- **Directions for this task**
Please transcribe the data that follows without the pictures, keeping every word the same.

- **Input data**
----------------

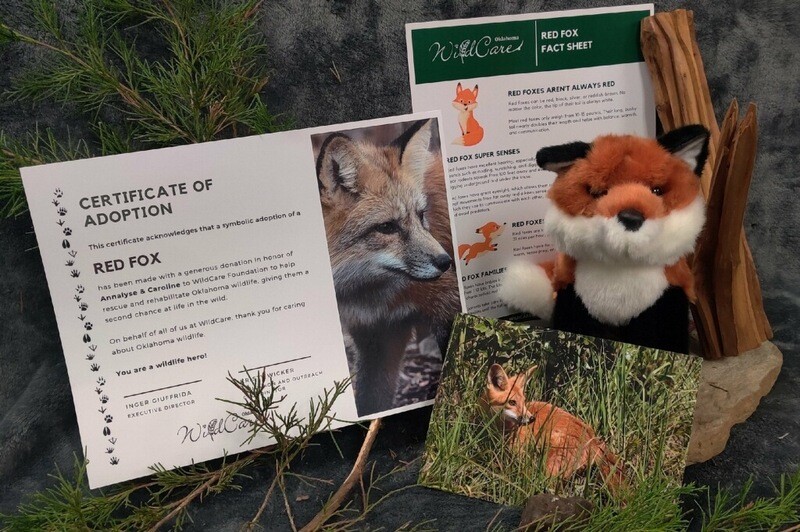 Adopt an Animal: Red Fox ($25 without stuffed animal)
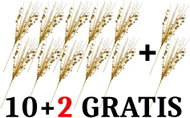 EverGreen set® Foil grass with stars h. 45 cm - Set 10+2 Gratis - Artificial Flower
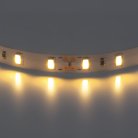 Светодиодная лента Lightstar 400072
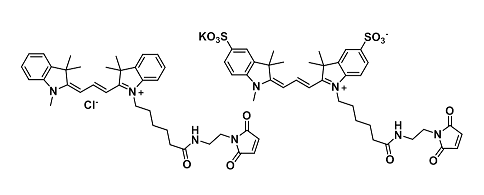 Cyanine Maleimide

----------------

- **Task solution**
 Adopt an Animal: Red Fox ($25 without stuffed animal)
 EverGreen set® Foil grass with stars h. 45 cm - Set 10+2 Gratis - Artificial Flower
 Светодиодная лента Lightstar 400072
 Cyanine Maleimide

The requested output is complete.